The primary purpose of CSI is to be a marketplace for ideas on how to address climate change. In doing so, however, the event will empower African nations to take control of the way they look at and prepare for the warming climate. And the event could not come at a better — or worse, depending on the way you look at the situation — time in Africa’s history. Recent studies have continually indicated that some of the most at-risk nations to climate change, both in terms of immediate environmental threat and response capability, are located in Africa. In fact, the Global Adaptation Index created by the University of Notre Dame lists seven African nations among its top 10 nations most vulnerable to climate change.
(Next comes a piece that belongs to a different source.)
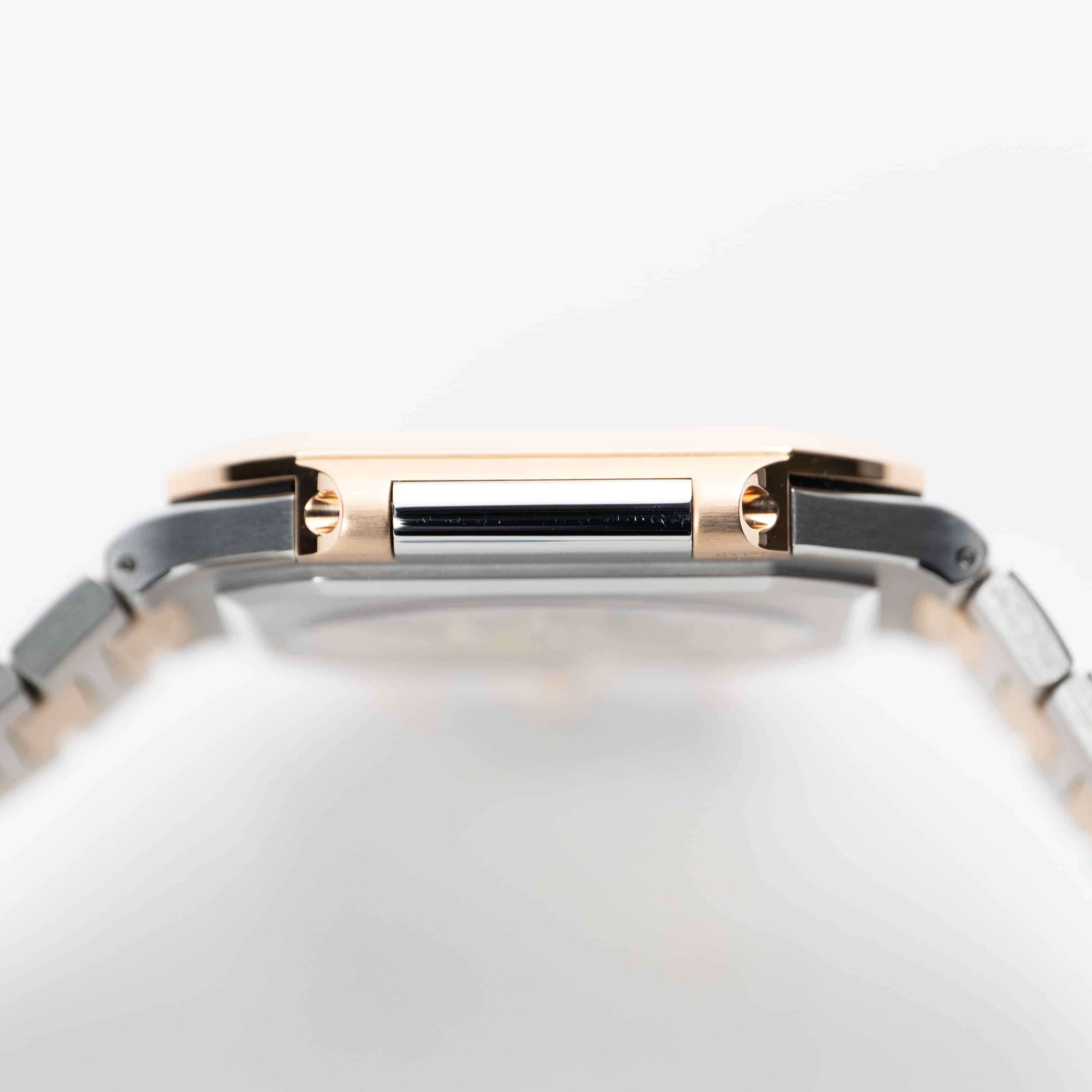 Patek Philippe Cubitus 5821/1AR-001 Stainless Steel Rose Gold Blue Dial (2024)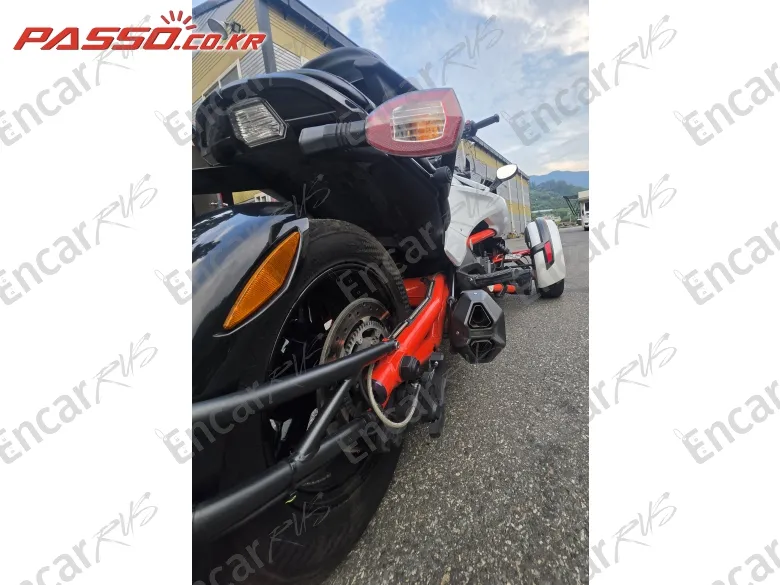 Brp Can-Am Spyder F3 S - фото 6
The event also comes at a crossroads in the global debate on climate change. Late in 2014, under pressure from leading climate fighters like the United States, China and France, the G20 summit agreed to include climate change adaptability among their priorities. In December, the Lima Accord was signed, in which every recognized country in the world acknowledged climate change as a fact and agreed to pursue legislation to lessen its effects. And in December of this year, the United Nations will convene in Paris for the 2015 Framework Convention on Climate Change, in which the body hopes to enact global, legally binding emission-reduction requirements.
The stated goal of CSI is to be a launchpad for African nations ahead of the 2015 UNFCCC, helping them establish “joint measures” in order to take a leadership role in their personal fight with the deleterious effects of climate change.
To those who don’t regularly follow global climate politics, the idea of Africa controlling its own destiny when it comes to climate change might be obvious. But thanks to a concept known as climate finance, there is not universal agreement that developing, poorer nations like the ones that populate Africa should have much of a say. Climate finance is the idea that larger, developed and industrialized nations, since they produce the greenhouse gases and harmful pollutants that have gotten the earth into this tenuous position, should pay for the less developed nations to equip and respond.
This idea, as touted by the United Nations, spawned the Green Climate Fund, intended to draw funds from industrialized nations and multinational corporations in order to finance their counterparts. While many nations have pledged a billion or more dollars to the fund, it just recently reached the $10 billion mark. The stated goal for the GCF by year 2020? $100 billion. Many nations are hesitant to finance projects halfway across the globe, especially when the pledges are pooled and handed out by the GCF itself.
Thus, just as Africa needs to take control of its own economic future, it also needs to take control of its environmental future. With the CSI joining the NYFA this May 27-31, Africa’s two major considerations will be addressed, together and separately, in an environment of empowerment, respect and togetherness.